Der Beschuldigte (Gesicht gepixelt) bespricht sich mithilfe einer Dolmetscherin mit seinem Rechtsanwalt Wolfgang Burkhardt. Foto: Schulz

Schwurgericht: Mordfall in Trossingen wird verhandelt. Angeklagter leidet an paranoider Schizophrenie.

Trossingen - Der brutale Tod einer 45 Jahre alten Frau in Trossingen wird seit Montag vor Gericht verhandelt. Der Täter ist offensichtlich schuldunfähig. Ihm droht die Unterbringung in einer Psychiatrie.

"Für uns alle unfassbar wurdest Du aus dem Leben gerissen. Du warst der Mittelpunkt unserer Familie". Diese Worte stehen über einem Foto der Traueranzeige von Anja B. Die Mutter zweier erwachsener Töchter wurde am Abend des 5. September auf dem eigenen Gartengrundstück ihres Hauses in Trossingen mit mehreren Messerstichen in den Kopf und Brustbereich getötet.

Ihren Täter kannte sie nicht. Mit diesem Überfall konnte sie auch nicht rechnen, ist den Worten von Oberstaatsanwältin Sabine Mayländer zu entnehmen, die vor der 1. Schwurgerichtskammer gestern Morgen im Gerichtssaal des Landgerichts in Rottweil den Tatabend Revue passieren lässt. Sie wirft dem Täter heimtückischen Mord aus Habgier und zur Befriedigung des Geschlechtstriebs vor.

Beschuldigt ist ein 25 Jahre alter Mann russischer Staatsangehörigkeit, der im Herbst vergangenen Jahres unter bislang dubiosen Umständen von Moskau nach Deutschland reiste, um in einer ebenso fragwürdigen Einrichtung in Trossingen seine Rehabilitation voranzutreiben. Die Einrichtung, "Healthy Generation", wurde nach diesem grausamen Zwischenfall geschlossen.

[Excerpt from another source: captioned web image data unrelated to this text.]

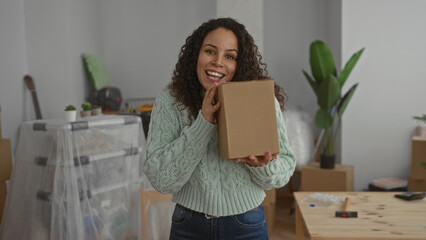 Young woman in new home holding a cardboard box joyfully in a cozy living room with unpacked items...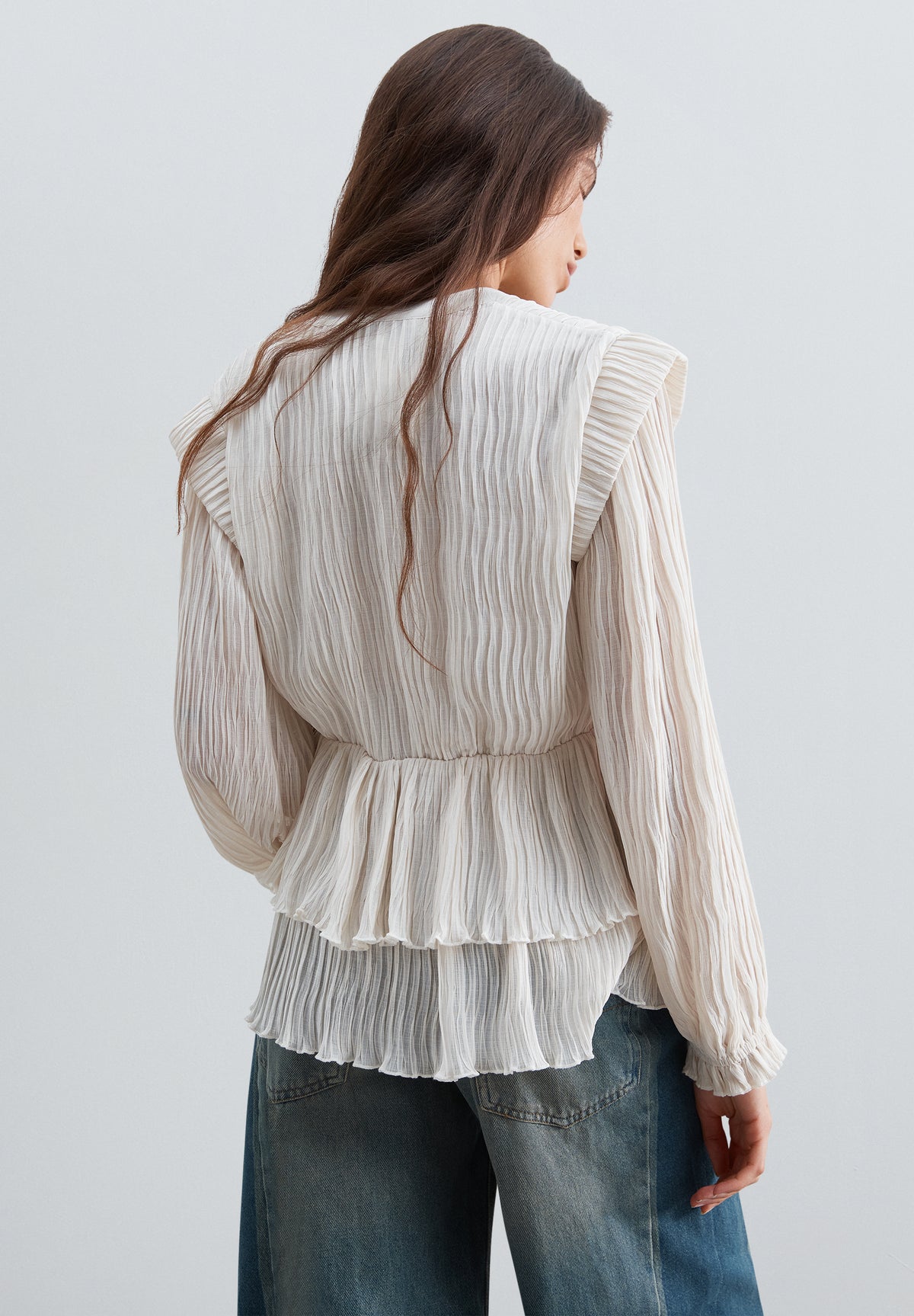 BLUSA PLISADA VOLANTES
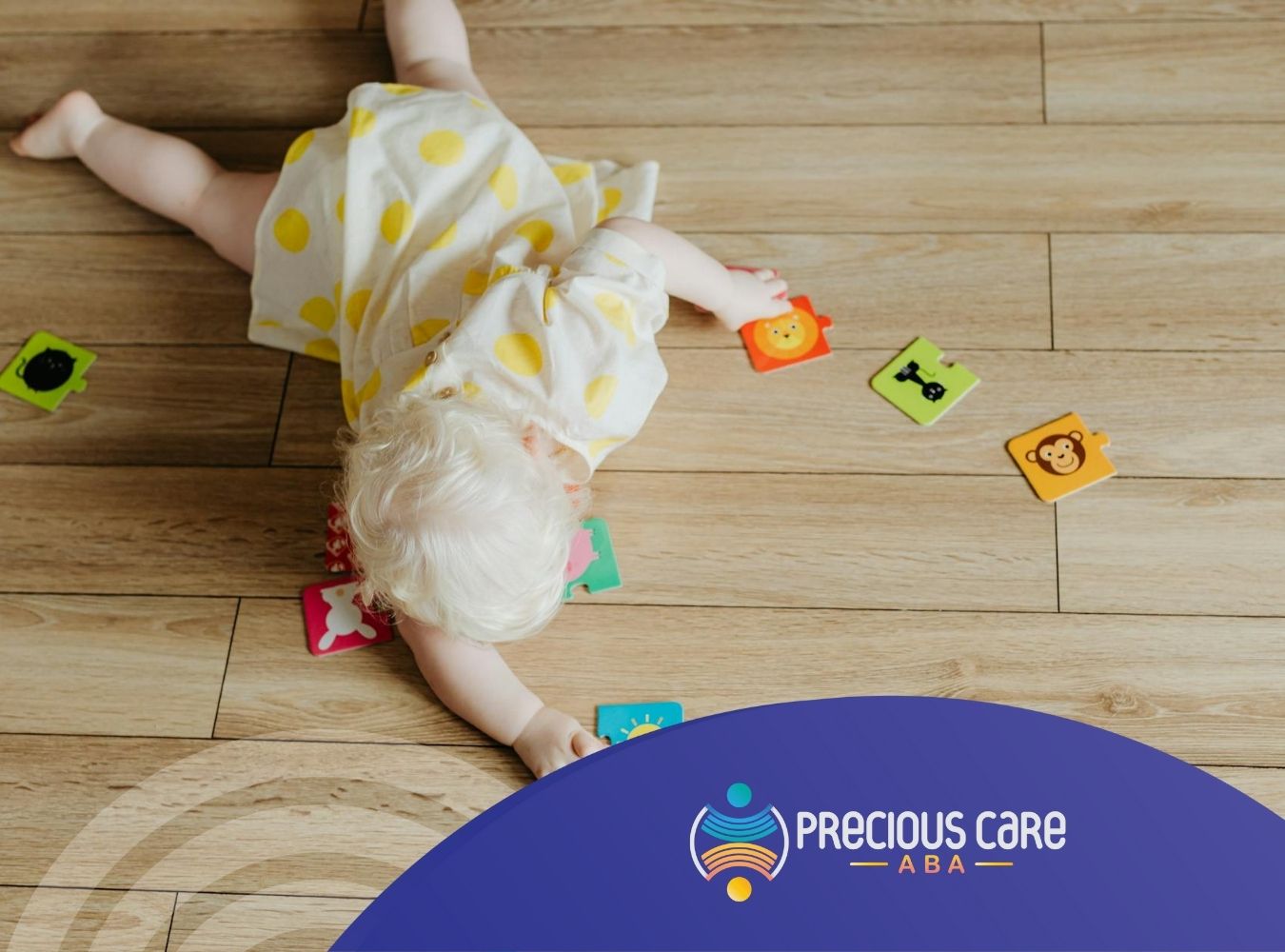 An autistic toddler reaching for colorful puzzle pieces on wooden floor during ABA therapy in MD.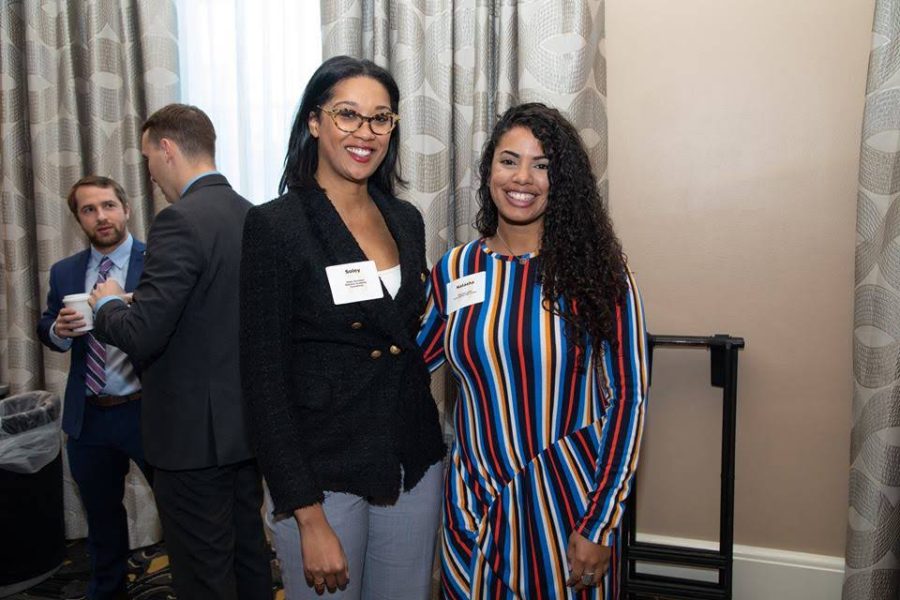 Mrs. Orbis, know around Gables as Ms. Lopez, stands proudly with one of her colleagues at a NAF event.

Doch es bleiben Fragen, etwa, wie dieses Reha-Haus funktionierte, wer es bezahlte, woher die Klienten stammten und ob es Hinweise darauf gab, dass mit dem 25 Jahre alten Mann etwas nicht stimmte. Und ob diese Hinweise von den Menschen, die mit ihm zu tun hatten, hätten bemerkt werden können. Vielleicht sogar müssen.

Denn der Mann ist anscheinend an einer paranoiden Schizophrenie erkrankt. Er hatte zu Hause in Russland nach bisherigem Kenntnisstand harte Drogen – Spice und Salze – zu sich genommen, Drogen, die das Gehirn beschädigten, wie es gestern hieß. Aufgrund der psychiatrischen Erkrankung jedenfalls soll der Täter schuldunfähig sein. In dem gestern eröffneten Sicherungsverfahren geht es darum, den Mann, der noch studiert, in einer psychiatrische Klinik unterzubringen.

Schmächtig und fast schüchtern wirkt er, wie er in seinem weinroten Pullover neben seinem Rechtsanwalt sitzt und den Zeugenaussagen fast regungslos folgt. Doch offensichtlich geht von dem unscheinbar wirkenden Mann ein Bedrohung aus. Er wird in Handschellen und Fußfesseln in den Raum geführt, mehrere Polizisten und Sicherheitskräfte sichern den Zugang zum Saal ab und sind während des gesamten ersten Verhandlungstags anwesend.

Als Zeugen sagen vor der Kammer unter dem Vorsitz von Richter Karlheinz Münzer unter anderem der Witwer und die Mutter der Getöteten aus. Sie berichten von den letzten gemeinsamen Stunden. An jenem Samstag hätten sie gemeinsam gefrühstückt, dann sei seine Frau zur Arbeit gegangen. Man habe sich zwischendurch noch einmal gesehen. Zusammen mit seiner Schwiegermutter hat er an diesem Samstag eine Kaffeemaschine gekauft, diese wollte er seiner Frau kurz zeigen. Kurz nach 21 Uhr habe er sie zurückerwartet.

Doch lebend bekommt er sie nicht mehr zu Gesicht. Als er die Schreie von draußen hört, ahnt er schon Böses. An Krücken geht er nach draußen und sieht im Garten seine Frau liegen. Im Bereich des Kopfs blutüberströmt. Neben ihr sitzt der Täter. Still und regungslos. Die Mutter der Frau rennt ebenfalls nach draußen und alarmiert die Polizei.

Die Beamten sagen, dass der Täter nicht ansprechbar war, er habe keine Reaktion gezeigt, ließ jedoch alles mit sich machen. Es ist die wichtigste Frage, die geklärt werden muss: In welchem geistigen Zustand hat der 25 Jahre alte Mann die Frau getötet?